▸ **YOUR TASK**
Give again, unaltered, the lines of the listing below that run from the line having "PINKO 36 yulia" through the line having "Binchi Health Technology".

▸ **GIVEN RECORDS**

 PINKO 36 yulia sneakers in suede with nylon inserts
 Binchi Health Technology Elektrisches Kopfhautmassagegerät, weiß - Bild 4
--
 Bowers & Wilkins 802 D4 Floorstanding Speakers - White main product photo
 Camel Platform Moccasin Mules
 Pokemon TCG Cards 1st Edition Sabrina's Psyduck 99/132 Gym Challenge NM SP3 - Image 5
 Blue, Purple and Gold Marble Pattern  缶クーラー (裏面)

▸ **FINISHED EXERCISE**
 PINKO 36 yulia sneakers in suede with nylon inserts
 Binchi Health Technology Elektrisches Kopfhautmassagegerät, weiß - Bild 4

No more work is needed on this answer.